Before the inspection, we had received a completed Provider Information Return (PIR). The PIR asks the provider to give some key information about the service, what the service does well and improvements they plan to make. We reviewed the PIR and other information we held about the service as part of our inspection. This included the notifications we had received from the provider. Notifications are changes, events or incidents the provider is legally obliged to send CQC within required timescales.
During the inspection we spoke with the administrator and the registered manager. We reviewed a range of records about people’s care and how the service was managed. We looked at care records for six people, recruitment, training and induction records for six staff, staffing rosters, staff meeting minutes and quality assurance audits the registered manager had completed. After the site visit we telephoned and spoke with two people, four relatives and five support staff.
1 March 2019
This was an announced inspection carried out on 12, 19 and 20 February 2019. We gave 24 hours' notice of the inspection to ensure someone would be available at the office.
This was the first rated inspection of Clements Health Care since it moved location and was re-registered in 2017.
This service is a domiciliary care agency. It provides personal care to people living in their own houses and flats in the community. It provides a service to older adults and younger disabled adults. 20 people were using the service at the time of our inspection.
A registered manager was in place. A registered manager is a person who has registered with the Care Quality Commission to manage the service.
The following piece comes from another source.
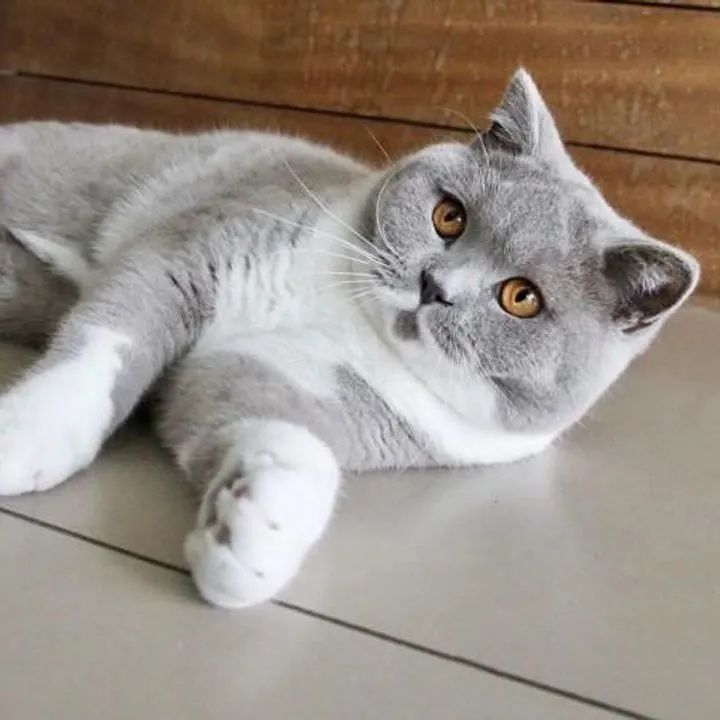 Aïko A cat power’s, Lilac et blanc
Like registered providers, they are ‘registered persons’. Registered persons have legal responsibility for meeting the requirements in the Health and Social Care Act 2008 and associated Regulations about how the service is run.
People and relatives told us the service kept them safe. They trusted the workers who supported them. Risks to people were assessed and plans put in place to mitigate any assessed risk. Policies and procedures were in place to safeguard people from abuse. People's medicines were managed safely. The provider's recruitment process minimised the risk of unsuitable staff being employed.
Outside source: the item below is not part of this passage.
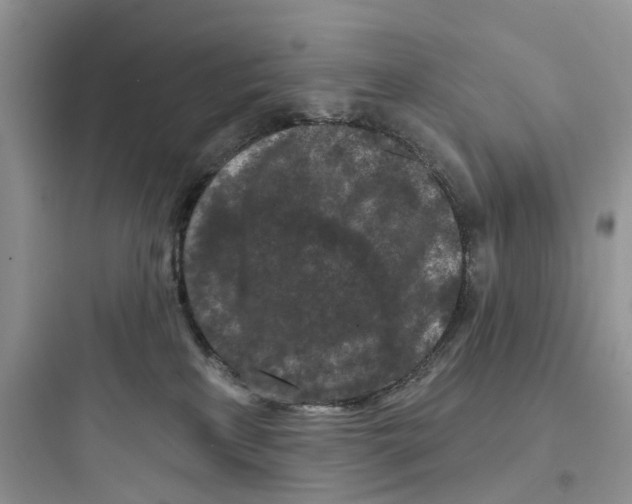 X0000097650233200803211903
There were sufficient staff employed and people received a reliable and consistent service. Staff were well-supported due to regular supervision, annual appraisals. A robust induction programme, which developed their understanding of people and their routines, was in place. Staff also received training to ensure they could support people safely and carry out their roles effectively.
People were supported to have maximum choice and control of their lives and staff supported them in the least restrictive way possible, the policies and systems in the service supported this practice. Staff had received training and had a good understanding of the Mental Capacity Act 2005 and Best Interest Decision Making, when people were unable to make decisions themselves.
Staff knew the people they were supporting well. Care plans were in place that provide some guidance about how people wished to be supported. People were involved in making decisions about their care. Staff had developed good relationships with people. They were caring in their approach and treated people with respect. Care was provided with patience and kindness. Staff upheld people's human rights and treated everyone with great respect and dignity.
Staff were aware of people's nutritional needs and made sure they were supported with eating and drinking where necessary. People's health needs were identified and staff worked with other health care professionals to ensure these were addressed.
People, their relatives and staff said the management team were supportive and approachable. Communication was effective, ensuring people, their relatives and other relevant agencies were kept up-to-date about any changes in people's care and support needs and the running of the service.
A complaints procedure was in place if people or their relatives needed to raise a complaint.
People, relatives and staff spoke well of the registered manager and they said the service had good leadership. There were effective systems to assess and monitor the quality of the service. These methods included feedback from people receiving care. Staff performance was subject to periodic spot checks.